YOUR GOAL:
Starting at the line below that contains "Игровая Клавиатура и Мышь Новый комплект" and ending at the line that contains "Холст для росписи", retype each line exactly as it stands, but omit the pictures.

RECORDS PROVIDED:
........

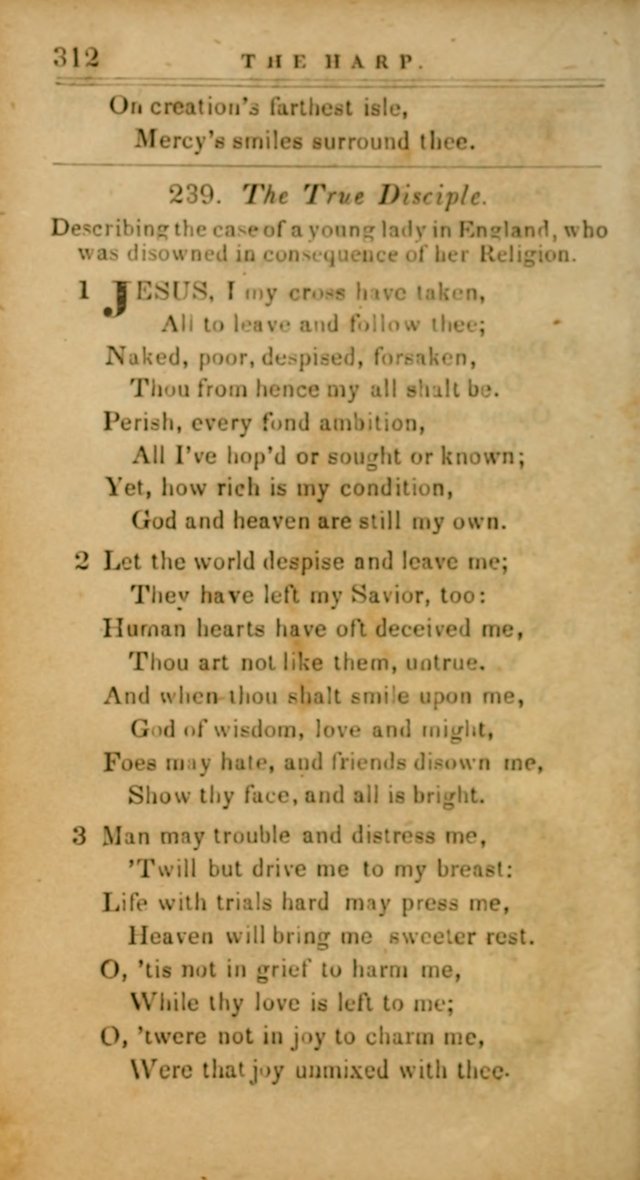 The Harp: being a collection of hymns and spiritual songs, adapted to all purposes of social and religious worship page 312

........

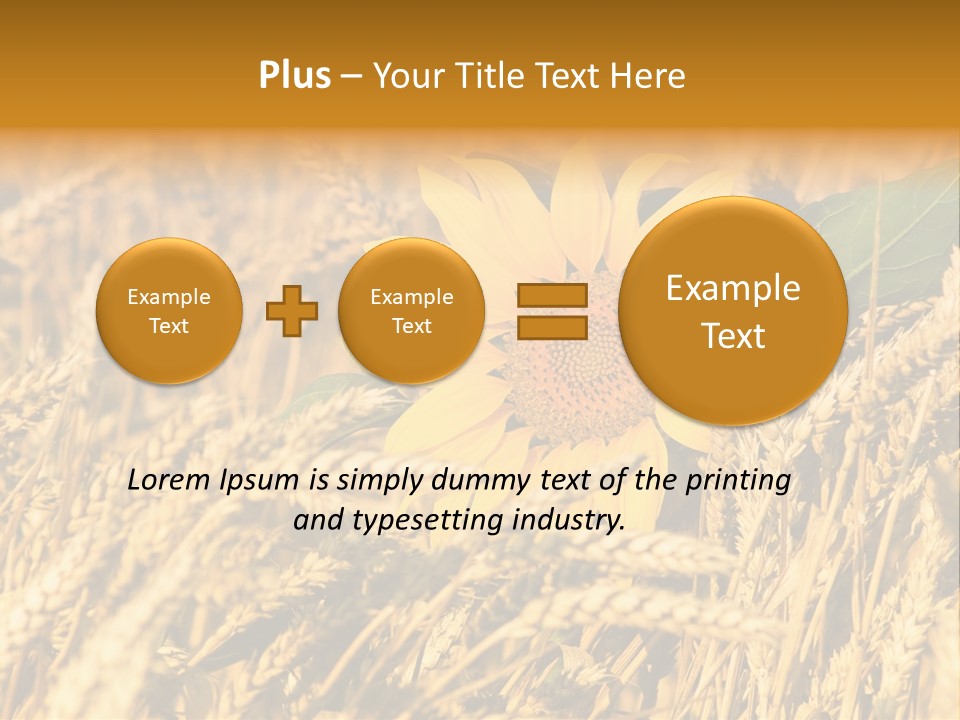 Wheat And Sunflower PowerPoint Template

........

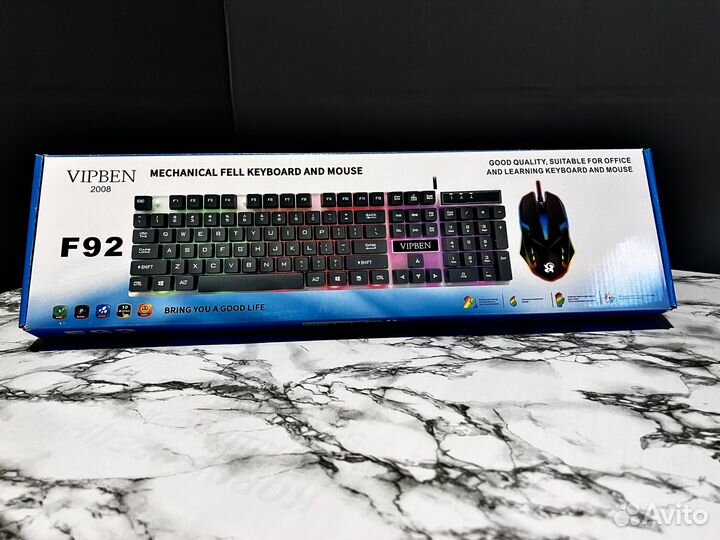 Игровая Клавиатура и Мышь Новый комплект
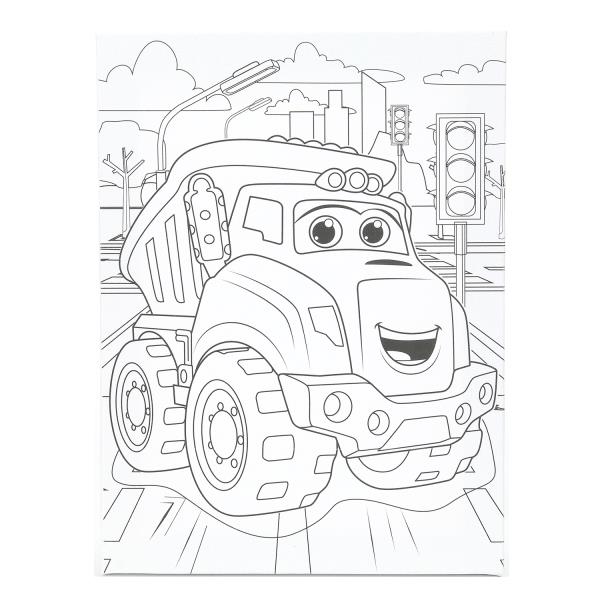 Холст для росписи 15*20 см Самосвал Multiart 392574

........

OUTPUT:
 Игровая Клавиатура и Мышь Новый комплект
 Холст для росписи 15*20 см Самосвал Multiart 392574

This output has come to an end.